Georgia held the Horned Frogs, who averaged 474.1 yards in a game, to a season-high 188. .

Several plays later, Duggan ran into the end zone to make it 10-7, Georgia. Finding even more high points for the Horned Frogs would take some foraging.

“For whatever reason, it went downhill from there,” said TCU coach Sonny Dykes. “I don’t know what happened last night. We came across a really good team and it snowballed.”

In the other locker room, Georgia players puffed on cigars—as they figured out how to keep them lit—and talked about what amounts to a college football dynasty.

The Bulldogs had 15 players drafted by the NFL last April and did not bring anyone in through the transfer portal, so some pushback was expected. And yet they were tested only twice: rallying from a 10-point deficit in the fourth quarter to win in Missouri and coming back from a 13-point deficit in the fourth quarter in the semifinal victory against Ohio State, which they survived after the missed field goal attempt.

Next year the challenge will be to settle for a new quarterback.

Bennett came off the field for the last time when Smart called a timeout to remove him with 13 minutes and 25 seconds remaining, giving him a curtain call and a hug as he reached the touchline. It was something Smart said he had never done before.
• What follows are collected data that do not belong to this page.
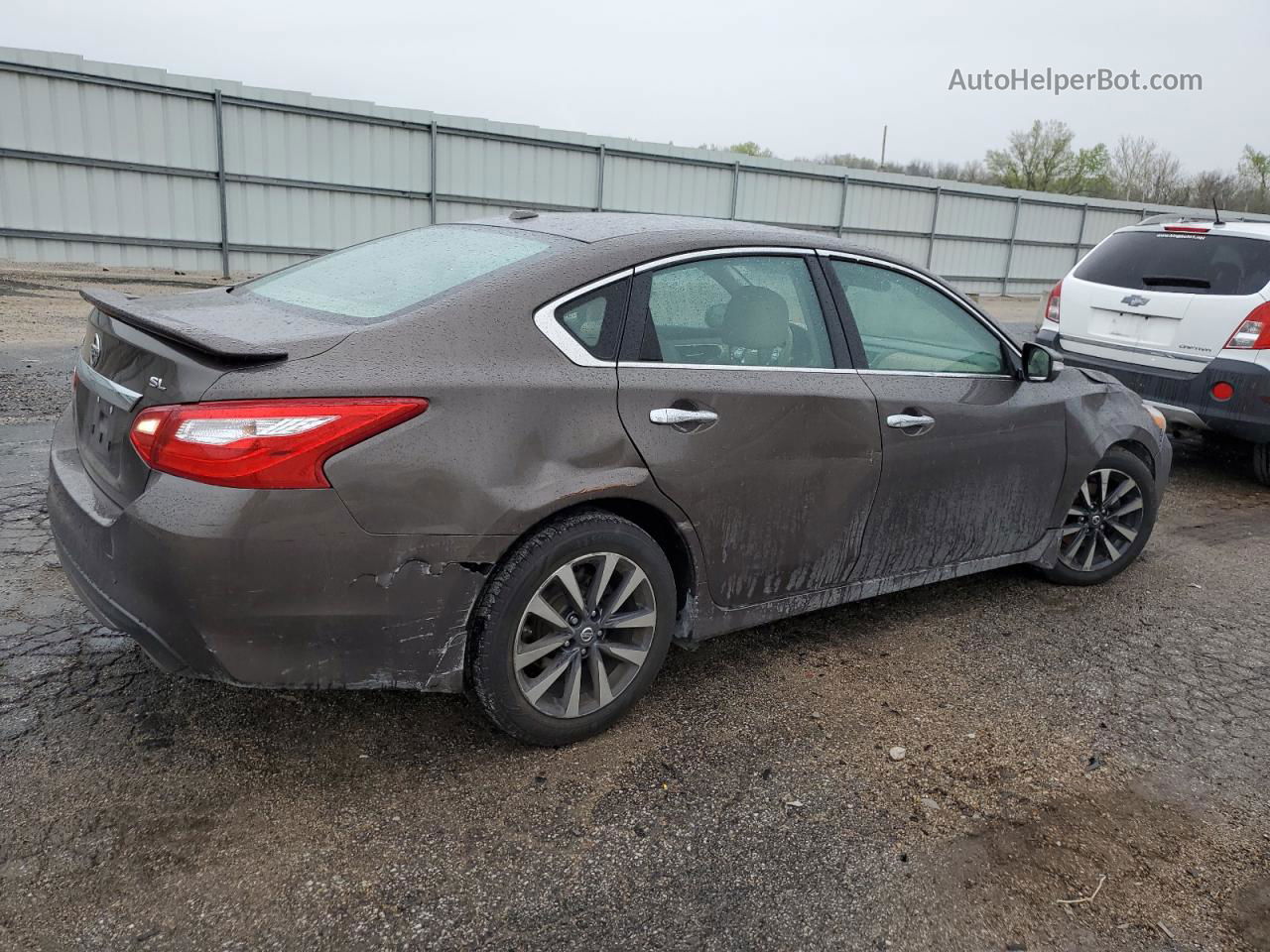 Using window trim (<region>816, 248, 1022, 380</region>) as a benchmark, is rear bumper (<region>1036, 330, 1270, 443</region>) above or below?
below

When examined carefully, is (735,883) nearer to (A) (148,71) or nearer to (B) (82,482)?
(B) (82,482)

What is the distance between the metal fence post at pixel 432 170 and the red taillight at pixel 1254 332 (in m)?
14.6

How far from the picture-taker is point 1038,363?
4.15 m

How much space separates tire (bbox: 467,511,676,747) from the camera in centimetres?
279

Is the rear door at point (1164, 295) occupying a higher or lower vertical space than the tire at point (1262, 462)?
higher

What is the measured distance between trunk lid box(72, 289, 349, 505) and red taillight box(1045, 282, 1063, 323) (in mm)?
6152

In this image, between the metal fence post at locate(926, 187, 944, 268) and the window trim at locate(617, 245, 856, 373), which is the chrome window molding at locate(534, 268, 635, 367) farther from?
the metal fence post at locate(926, 187, 944, 268)

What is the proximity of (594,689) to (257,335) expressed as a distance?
140 centimetres

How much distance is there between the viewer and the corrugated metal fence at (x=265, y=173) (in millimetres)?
15328

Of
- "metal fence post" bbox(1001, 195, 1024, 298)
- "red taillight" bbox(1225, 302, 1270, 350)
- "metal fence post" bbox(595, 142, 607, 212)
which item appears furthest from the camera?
"metal fence post" bbox(1001, 195, 1024, 298)

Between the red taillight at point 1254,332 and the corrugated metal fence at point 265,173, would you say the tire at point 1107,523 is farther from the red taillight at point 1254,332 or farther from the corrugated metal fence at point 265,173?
the corrugated metal fence at point 265,173

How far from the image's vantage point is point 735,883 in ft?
8.15

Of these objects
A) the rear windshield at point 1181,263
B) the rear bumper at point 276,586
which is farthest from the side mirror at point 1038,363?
the rear windshield at point 1181,263

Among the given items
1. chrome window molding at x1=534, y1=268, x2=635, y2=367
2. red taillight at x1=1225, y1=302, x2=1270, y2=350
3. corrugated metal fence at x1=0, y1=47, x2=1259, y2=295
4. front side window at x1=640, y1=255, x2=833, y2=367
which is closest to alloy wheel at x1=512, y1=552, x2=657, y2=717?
chrome window molding at x1=534, y1=268, x2=635, y2=367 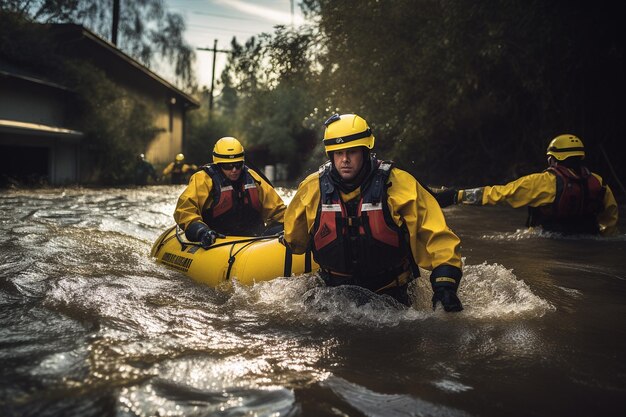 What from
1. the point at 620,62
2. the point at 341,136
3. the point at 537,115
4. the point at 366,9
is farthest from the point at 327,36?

When Smart got to the coach’s office, he found his 10-year-old son, Andrew, in tears.

Smart said he asked him what was wrong.

“Stetson is leaving,” said Smart, imitating his crying son. “I said, ‘He’s 25 years old. He has to go. He has to leave.’”

Indeed he must. But with Bennett finally leaving, his departure on Monday night was no different than the rest of the Bulldogs, ensuring they left an indelible mark.